Regarding the "small" value (80), this has just changed (in August 2014).
See "Eclipse is not a terminal anymore – Default line size of Java code formatter is now 120"
(By Lars Vogel)
Project > Properties, Java Code Style > Formatter.
Edit tab Line Wrapping
A three-years old issue is finally addressed:
bug 356851: Default line size of Java code formatter should be increased to 120
It is not mentioned in the Eclipse Project 4.5 (Mars) M1 - New and Noteworthy, but it is still "Verified for 4.5 M1 using I20140804-2000 build".
I have a specific project where I need to wrap every code line at 65 characters. I have set up the eclipse Java code formatter properly for this. But what I really want is a vertical line to be drawn in the editor showing where the max line width while I am typing, not just when I run the formmater. I know this feature is available in some capacity because it is displayed in the code formatter property page.
I don't see any option in eclipse to turn this on and I didn't see any plug-ins that do it on Eclipse Plugin Central
Look in Windows / Preferences (at least on Windows - IIRC it moves around for different operating systems) then:
General -> Editors -> Text Editors -> Show Print Margin
Tick this and it should show the line.
As a quick way of finding this, use the search filter in the top and filter on "margin".
Notes from the comments - unverified by me, but I have no reason to doubt them:
It has changed somehow in 2016: For details see [here] (https://bugs.eclipse.org/bugs/show_bug.cgi?id=495490#c2) You have to set it in the formatter: From menu [Window]-->[Preferences], select [Java]-->[Code Style]-->[Formatter], and then edit your formatter profile. In the tab page [Line wrapping], you can find a setting named "Maximum line width". Change this setting, and the print margin in Java source editor will be changed too.
In Eclipse Luna (4.4):
Choose menu Window\Preference . Look at top-left corner, in search box type filter text, type: margin.
In section Apperance color option, Choose Print margin. Choose Show print margin.
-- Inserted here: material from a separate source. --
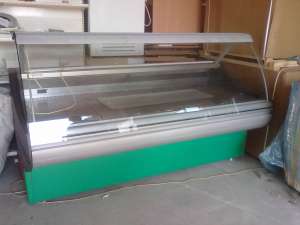 Продам 2 шт бу холодильных витрин производства РОСС (SORRENTO) - объявление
In text box Print margin column , type 65 as what you want.
#Jon Skeet's answer is incomplete.
(1/2) First, do what he said:
Window --> Preferences --> General --> Editors --> Text Editors --> check the box for Show Print Margin
Ticking this box will show the vertical line.
As a quick way of finding this, use the search filter in the top and filter on "margin".
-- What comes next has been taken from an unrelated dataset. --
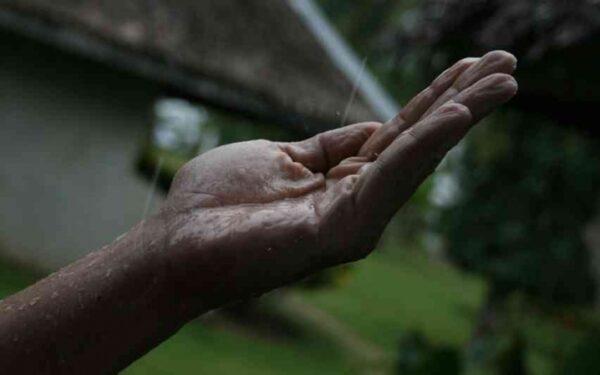 Savaitgalį sulauksime kritulių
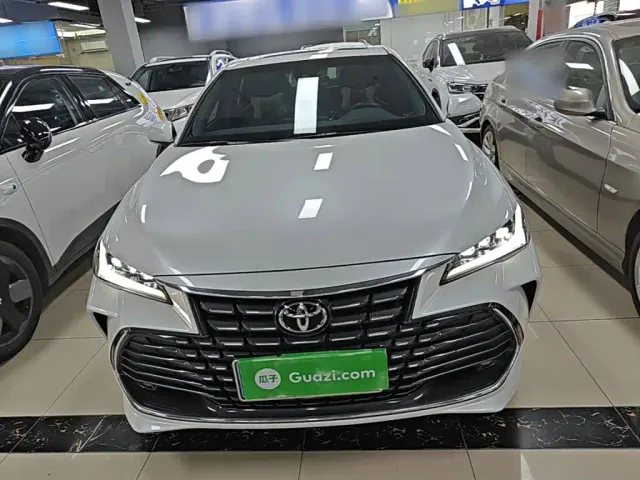 Toyota Avalon — Фото автомобиля 2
However, this only shows the line, but under most situations the "Print margin column" value there is flat-out ignored.
To set the column number for where the line should be, do what #John Percival Hackworth mentions here:
(2/2) Go to:
Window --> Preferences --> C/C++ [or whatever language you are using] --> Code Style --> Formatter --> click Edit --> under the Line Wrapping tab set the value you desire for Maximum line width.
Side note:
Use Alt + Shift + Y to toggle soft line wrapping on and off. It will soft wrap (ie: no carriage return) at the end of the screen, however, not at the column you set above.
How do you enforce hard line wrapping at the column you set above (ie: that adds a carriage return)? I don't know yet. If you figure it out let me know. In Sublime Text 3 (a much better editor but with a much worse indexer/function definition finder :() it's Alt + Q.
Update: I think it may be possible with the "CppStyle" plugin, which uses clang-format, by using Ctrl + Shift + F to apply the auto-format, but I don't know the exact instructions to make it work yet.
Related:
Set tab width: Changing editor tab width in eclipse 3.5
After some months with Espressif, but also with other brands plugged-in Eclipse, I found how to enlarge maximum line width. I made a lot of attempts and show how to do for Espressif-IDE:
Right click a project->properties->C/C++ General->Formatter
->Enable Project specific settings->
New->Give your profile a name and base it on a built-in formatter: I choose BSD/Allman->Edit this new profile->within Line Wrapping tab type for example 200 for Maximum line width->Apply changes.
Format source files: you'll have long lines.
Before I did the same manouvres starting from:
Window->Preferences->C/C++->code Style->Formatter... : that never worked.